When you set up a 50/20/30 budget plan, one thing that becomes clear is that you don’t have to think about the budget all the time. You know that you have a set dollar amount every month for your wants or discretionary spending and the rest is automated, so you don’t have to review it constantly.

The plan you choose will be one that works for you in a way that you understand. You need to know what’s going out, where it’s going, why it’s going there, and that you have the income to fund it – whatever it is. And, most notably, you need to know that an expense is not causing you to throw away your future.

Monitoring Your Budget Plan

Once you set up your budget, it’s essential to monitor it and track every action you take every single month. To ensure your success, you’ll want to take the following steps every single month and year.

  • Check All Statements for All Accounts – It might seem tedious but mistakes happen, as does theft. Keeping track of your accounts by looking at them online or studying the statements each month is critical. Check your interest rates, what’s coming in and going out, and make sure it matches your records.
  • Keep Track of Your Expenses – Even if you’re on the 50/20/30 plan, you must track those expenses that aren’t customarily tracked, such as your coffee shop purchase, your last-minute candy bar at the gas station, and so forth. Also, make it a habit to check up on auto subscriptions each month to ensure you’re really using them.
  • Use Technology to Keep It Straight – Today, there are all types of technologies that you can use to keep your finances in order, often right from your bank account. Budgeting tools, notifications, and even monitoring can be outsourced with technology to a point.
  • Note Areas of Improvement or Change – As you monitor, notice if your debts are going down or not and whether your investments and savings are performing as you wish.
  • Check Your Progress Yearly – Always check your yearly progress for all your savings and investments to ensure that you’re earning what you thought you would. By studying your progress and checking your goals, you may figure out new ideas you didn’t think of before.
  • Pull Your Credit Reports Yearly – Each year, you have a right to get a free credit report directly from the three major reporting agencies. Seeing what is on that report can help you keep your finances straight and avoid identity theft.
  • Reassess Your Goals Yearly – Each year, you’ll want to check up on all your accounts, take a look at your written goals, and ensure that you are progressing toward those goals as you thought.
  • Be Ready for Change – As you monitor your success with sticking to your plans, be ready to switch it up.
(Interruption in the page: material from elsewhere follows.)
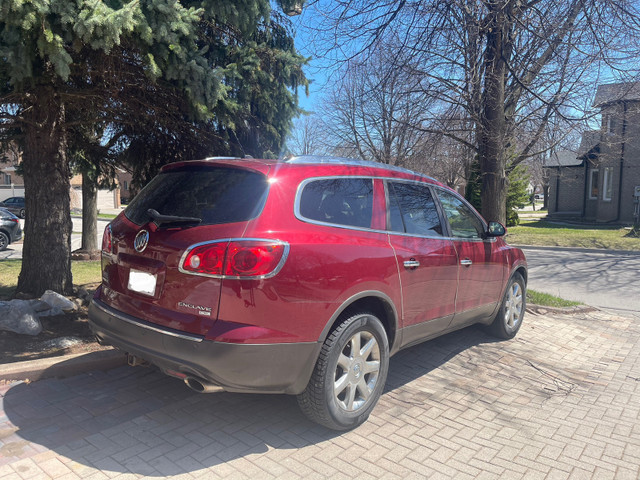 Buick Enclave SUV 2010 in Cars & Trucks in Markham / York Region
For example, with a lost job, you have to move down to your emergency budget, which will slow down your investments. But since you planned and have the cash savings, it should not cause you to build debt.

Even if everything doesn’t go as planned, the fact is that with a plan, things will go more smoothly than without it. Sometimes the unexpected happens, but the longer you stick to your plan, the more likely you are to overcome a crisis should it occur.